Transcribe the entries exactly as they stand below, passing over any picture.

Provided records START

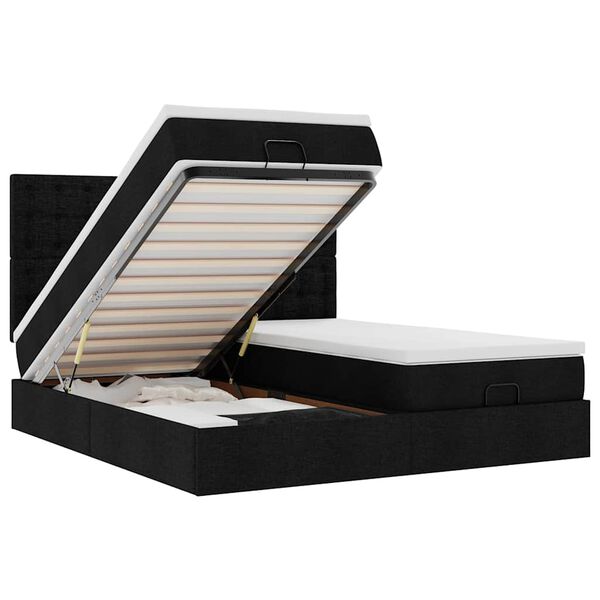 vidaXL &Omicron;&theta;&omega;&mu;&alpha;&nu;&iota;&kappa;ό &Kappa;&rho;&epsilon;&beta;ά&tau;&iota; &mu;&epsilon; &Sigma;&tau;&rho;ώ&mu;&alpha;&tau;&alpha; &Mu;&alpha;ύ&rho;&omicron; 200x200cm Ύ&phi;&alpha;&sigma;&mu;&alpha;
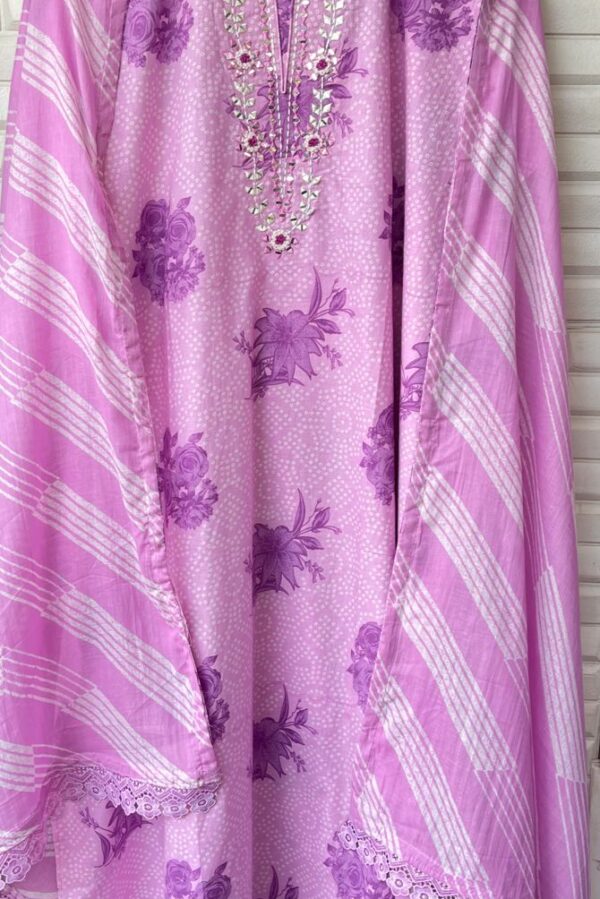 Pure Cotton Printed With Mirror & Resham Embroidery Suit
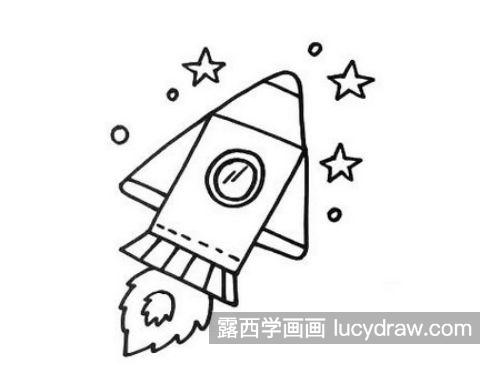 带颜色宇宙飞船简笔画画法教学 彩色简单宇宙飞船简笔画教程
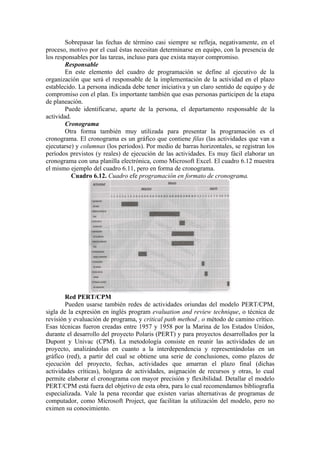 Sobrepasar las fechas de término casi siempre se refleja, negativamente, en el
proceso, motivo por el cual éstas necesitan determinarse en equipo, con la presencia de
los responsables por las tareas, incluso para que exista mayor compromiso.
        Responsable
        En este elemento del cuadro de programación se define al ejecutivo de la
organización que será el responsable de la implementación de la actividad en el plazo
establecido. La persona indicada debe tener iniciativa y un claro sentido de equipo y de
compromiso con el plan. Es importante también que esas personas participen de la etapa
de planeación.
        Puede identificarse, aparte de la persona, el departamento responsable de la
actividad.
        Cronograma
        Otra forma también muy utilizada para presentar la programación es el
cronograma. El cronograma es un gráfico que contiene filas (las actividades que van a
ejecutarse) y columnas (los períodos). Por medio de barras horizontales, se registran los
períodos previstos (y reales) de ejecución de las actividades. Es muy fácil elaborar un
cronograma con una planilla electrónica, como Microsoft Excel. El cuadro 6.12 muestra
el mismo ejemplo del cuadro 6.11, pero en forma de cronograma.
          Cuadro 6.12. Cuadro efe programación en formato de cronograma.




        Red PERT/CPM
        Pueden usarse también redes de actividades oriundas del modelo PERT/CPM,
sigla de la expresión en inglés program evaluation and review technique, o técnica de
revisión y evaluación de programa, y critical path method , o método de camino crítico.
Esas técnicas fueron creadas entre 1957 y 1958 por la Marina de los Estados Unidos,
durante el desarrollo del proyecto Polaris (PERT) y para proyectos desarrollados por la
Dupont y Univac (CPM). La metodología consiste en reunir las actividades de un
proyecto, analizándolas en cuanto a la interdependencia y representándolas en un
gráfico (red), a partir del cual se obtiene una serie de conclusiones, como plazos de
ejecución del proyecto, fechas, actividades que amarran el plazo final (dichas
actividades críticas), holgura de actividades, asignación de recursos y otras, lo cual
permite elaborar el cronograma con mayor precisión y flexibilidad. Detallar el modelo
PERT/CPM está fuera del objetivo de esta obra, para lo cual recomendamos bibliografía
especializada. Vale la pena recordar que existen varias alternativas de programas de
computador, como Microsoft Project, que facilitan la utilización del modelo, pero no
eximen su conocimiento.
 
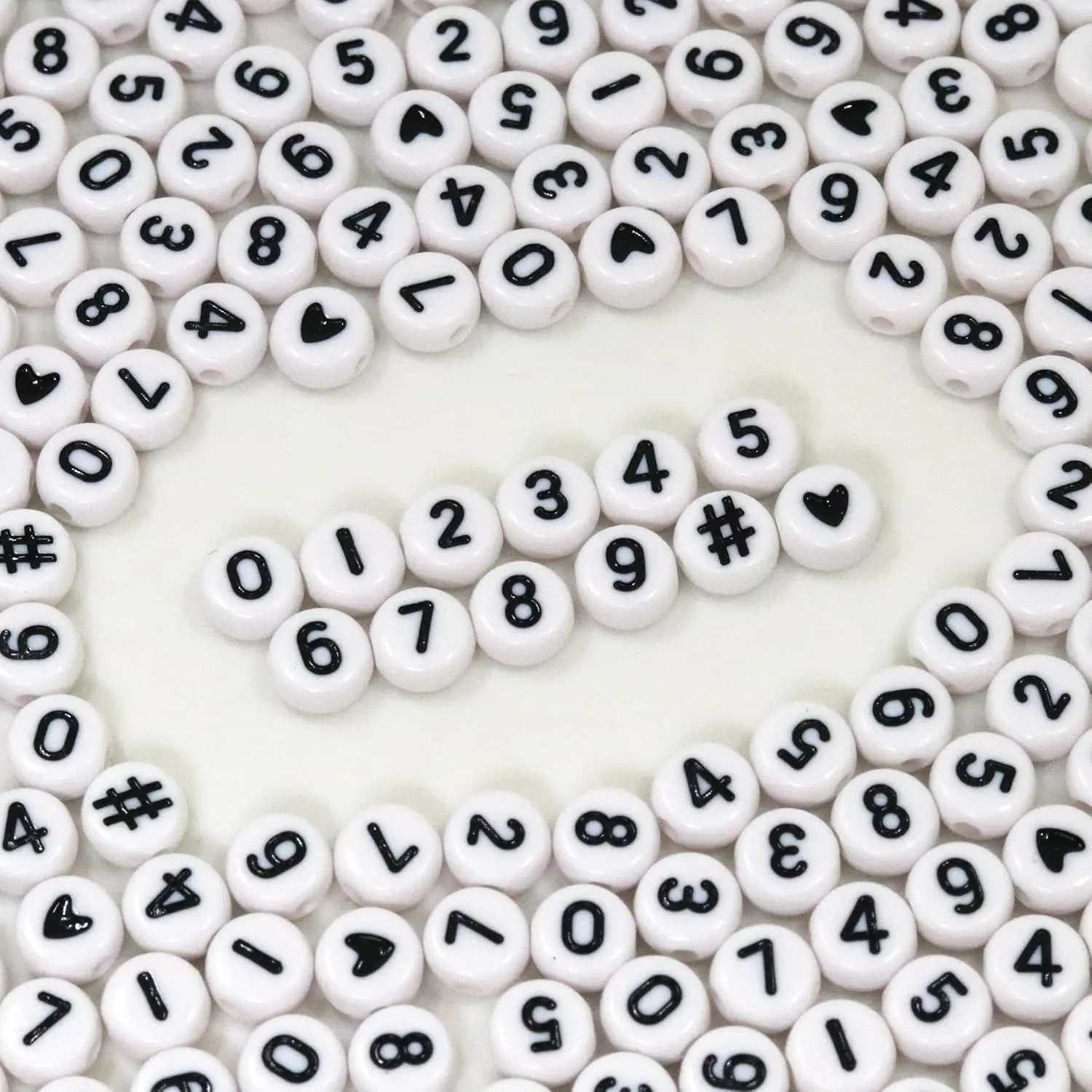 500 count  Number Beads for  Making, DIY Necklaces, Key Chains, Bracelets (4x7 Round, White)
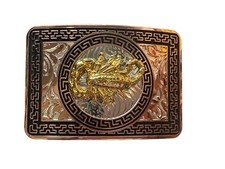 Scorpion Western Cowboy Copper Belt Buckle Hebilla Vaquera Con Alacran Cobre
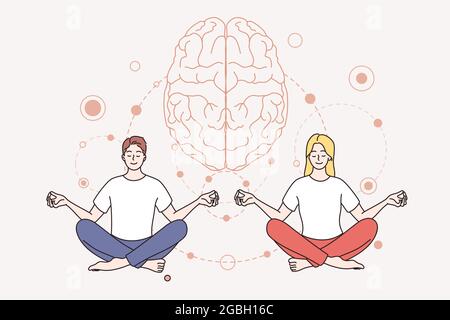 Konzept der Meditation und psychischen Gesundheit. Junge lächelnde Paar Mann und Frau Comic-Figuren sitzen Meditation halten Geist in Frieden Vektor-Illustration Stock Vektor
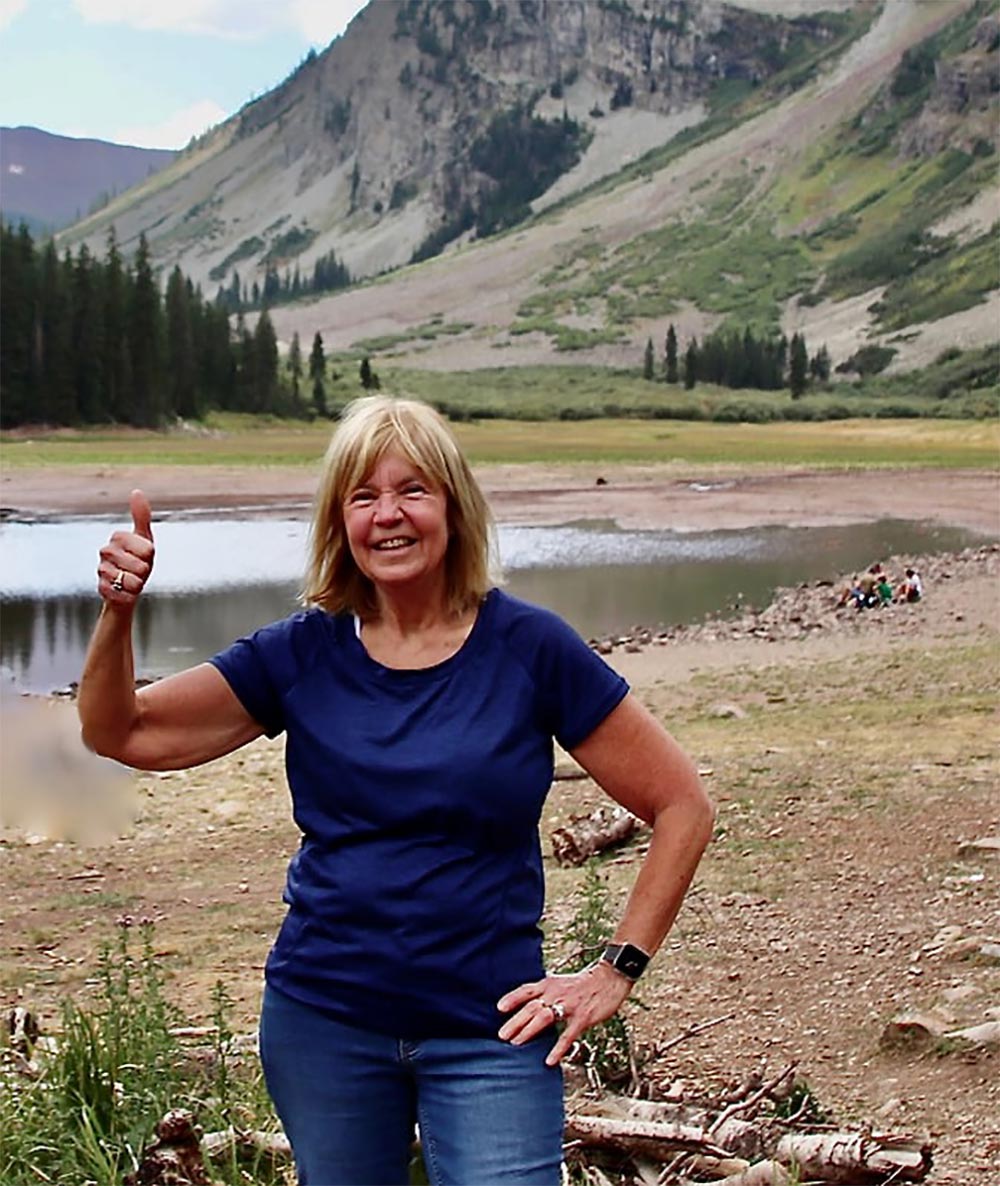 Sue Strauss with her thumb up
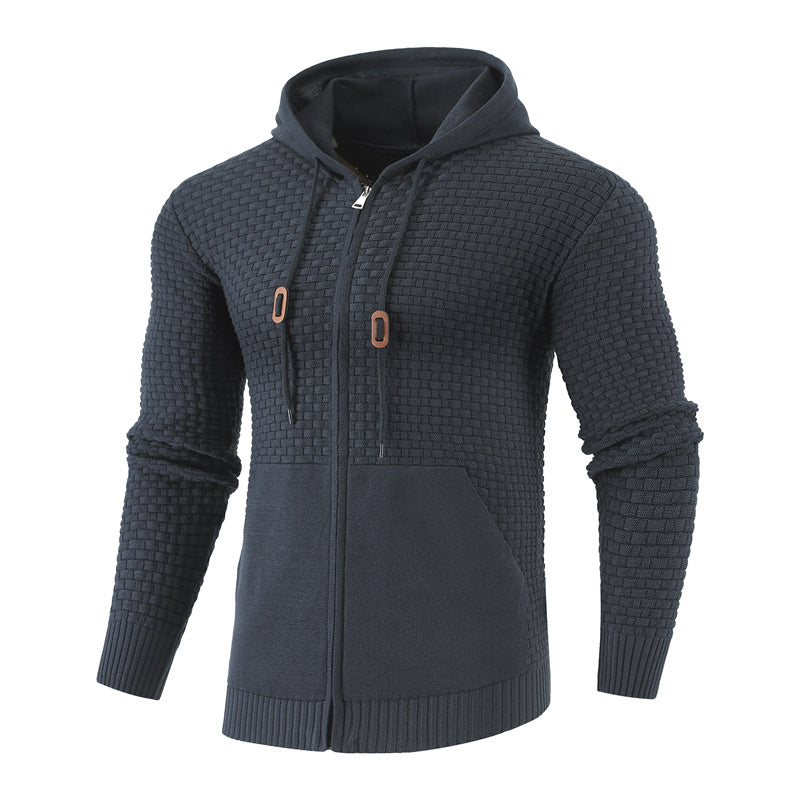 Four Seasons Knitting Zipper Hoodies Leather Printing 3D Outdoor Sports Hoodies with Pockets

Provided records END

Task response:
 vidaXL &Omicron;&theta;&omega;&mu;&alpha;&nu;&iota;&kappa;ό &Kappa;&rho;&epsilon;&beta;ά&tau;&iota; &mu;&epsilon; &Sigma;&tau;&rho;ώ&mu;&alpha;&tau;&alpha; &Mu;&alpha;ύ&rho;&omicron; 200x200cm Ύ&phi;&alpha;&sigma;&mu;&alpha;
 Pure Cotton Printed With Mirror & Resham Embroidery Suit
 带颜色宇宙飞船简笔画画法教学 彩色简单宇宙飞船简笔画教程
 Sobrepasar las fechas de término casi siempre se refleja, negativamente, en el
proceso, motivo por el cual éstas necesitan determinarse en equipo, con la presencia de
los responsables por las tareas, incluso para que exista mayor compromiso.
        Responsable
        En este elemento del cuadro de programación se define al ejecutivo de la
organización que será el responsable de la implementación de la actividad en el plazo
establecido. La persona indicada debe tener iniciativa y un claro sentido de equipo y de
compromiso con el plan. Es importante también que esas personas participen de la etapa
de planeación.
        Puede identificarse, aparte de la persona, el departamento responsable de la
actividad.
        Cronograma
        Otra forma también muy utilizada para presentar la programación es el
cronograma. El cronograma es un gráfico que contiene filas (las actividades que van a
ejecutarse) y columnas (los períodos). Por medio de barras horizontales, se registran los
períodos previstos (y reales) de ejecución de las actividades. Es muy fácil elaborar un
cronograma con una planilla electrónica, como Microsoft Excel. El cuadro 6.12 muestra
el mismo ejemplo del cuadro 6.11, pero en forma de cronograma.
          Cuadro 6.12. Cuadro efe programación en formato de cronograma.




        Red PERT/CPM
        Pueden usarse también redes de actividades oriundas del modelo PERT/CPM,
sigla de la expresión en inglés program evaluation and review technique, o técnica de
revisión y evaluación de programa, y critical path method , o método de camino crítico.
Esas técnicas fueron creadas entre 1957 y 1958 por la Marina de los Estados Unidos,
durante el desarrollo del proyecto Polaris (PERT) y para proyectos desarrollados por la
Dupont y Univac (CPM). La metodología consiste en reunir las actividades de un
proyecto, analizándolas en cuanto a la interdependencia y representándolas en un
gráfico (red), a partir del cual se obtiene una serie de conclusiones, como plazos de
ejecución del proyecto, fechas, actividades que amarran el plazo final (dichas
actividades críticas), holgura de actividades, asignación de recursos y otras, lo cual
permite elaborar el cronograma con mayor precisión y flexibilidad. Detallar el modelo
PERT/CPM está fuera del objetivo de esta obra, para lo cual recomendamos bibliografía
especializada. Vale la pena recordar que existen varias alternativas de programas de
computador, como Microsoft Project, que facilitan la utilización del modelo, pero no
eximen su conocimiento.
 
 500 count  Number Beads for  Making, DIY Necklaces, Key Chains, Bracelets (4x7 Round, White)
 Scorpion Western Cowboy Copper Belt Buckle Hebilla Vaquera Con Alacran Cobre
 Konzept der Meditation und psychischen Gesundheit. Junge lächelnde Paar Mann und Frau Comic-Figuren sitzen Meditation halten Geist in Frieden Vektor-Illustration Stock Vektor
 Sue Strauss with her thumb up
 Four Seasons Knitting Zipper Hoodies Leather Printing 3D Outdoor Sports Hoodies with Pockets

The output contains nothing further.